Key parameters include circuit depth — or, the number of sequential operations required — and circuit width, which reflects the number of qubits operating in parallel.
The analysis also introduces a practical constraint known as maximum depth, representing the longest sequence of operations a quantum computer can execute reliably. This limit is driven by factors such as error rates, decoherence, and system stability.
By combining these parameters, the analysis estimates the minimum level of parallelization required to complete an attack within a given time frame, and the total computational cost across all systems.
The post recognizes some limitations. First, it relies on assumptions about future quantum hardware, including error-corrected systems capable of sustained operation over long periods. While these assumptions are conservative, actual implementations may differ.
The analysis also focuses on known quantum algorithms and does not account for the possibility of future advances that could change the landscape. However, the analysis does address this by noting that Grover’s algorithm has been extensively studied, and there is limited room for improvement in its core performance characteristics.
Finally, the resource estimates do not fully account for the overhead of quantum error correction, which is expected to significantly increase the physical resources required to implement logical qubits. Including these factors would likely further increase the cost of quantum attacks.
Future Work
The findings point to several areas for future research. For example, the post suggests that refining resource estimates for quantum algorithms, particularly as new hardware architectures and error-correction techniques emerge.

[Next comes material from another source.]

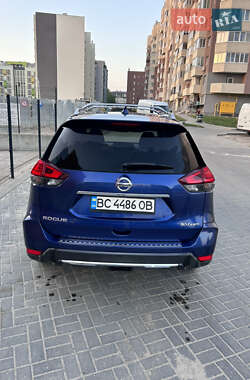 Внедорожник / Кроссовер Nissan Rogue 2016 в Львове
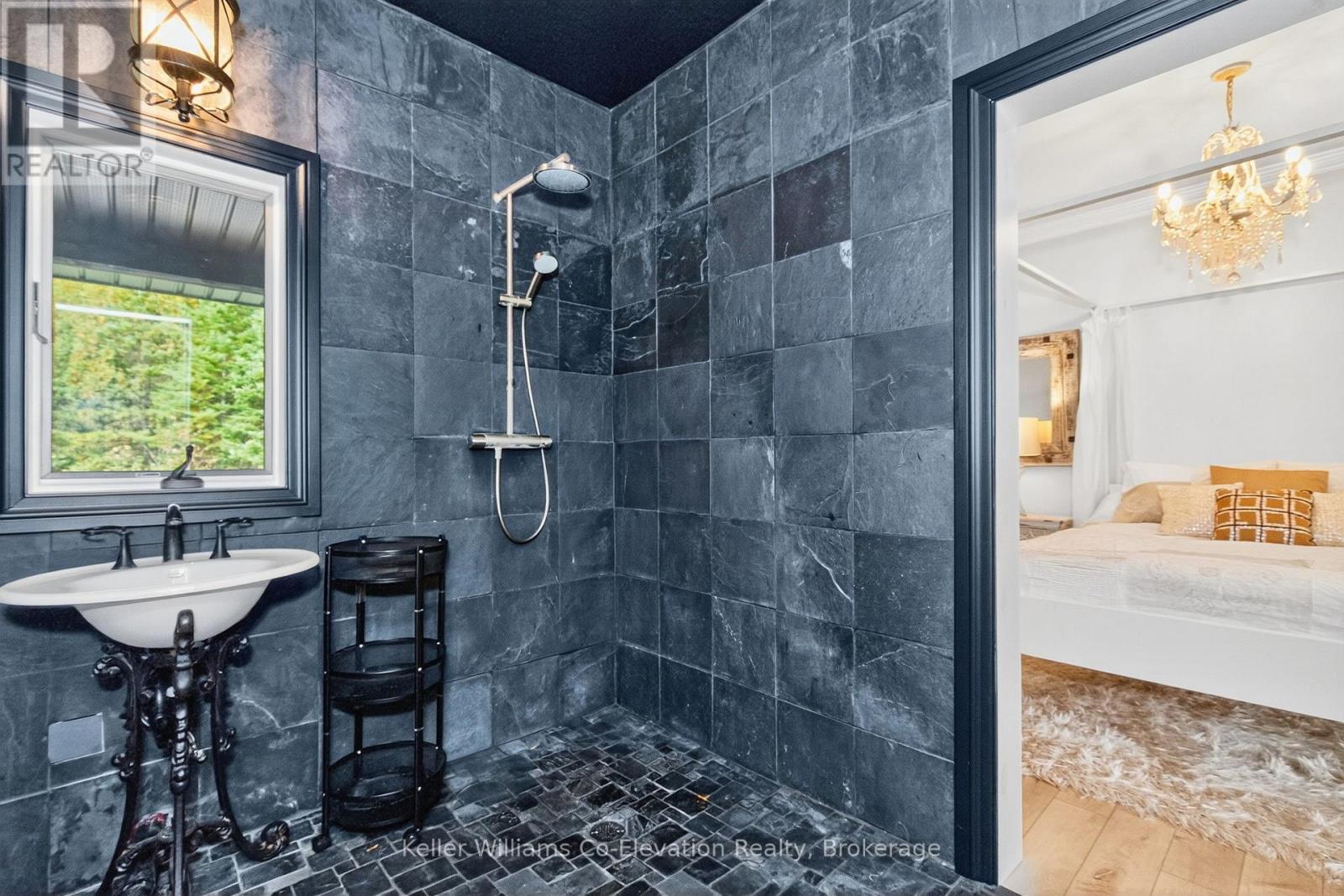 1076 Beaver Lane, Springwater, ON - Indoor Photo Showing Bathroom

Another idea is to improve the understanding of how quantum and classical systems interact in hybrid attack scenarios, where quantum algorithms are used alongside classical computing resources.
The study also highlights the need for clearer communication within the cybersecurity community. Misinterpretations of quantum algorithms can lead to misplaced priorities, with organizations focusing on theoretical risks rather than practical ones.
As quantum computing continues to develop, distinguishing between credible threats and speculative concerns will be critical for effective security planning.
Valsorda’s post is quite technical and this summary story may miss some of the key points within that technical data. Please read the post for deeper detail. Also, the post — nor this article itself — can be considered peer-reviewed publications. Peer-review is an important step in the scientific method and allows for research to be better vetted.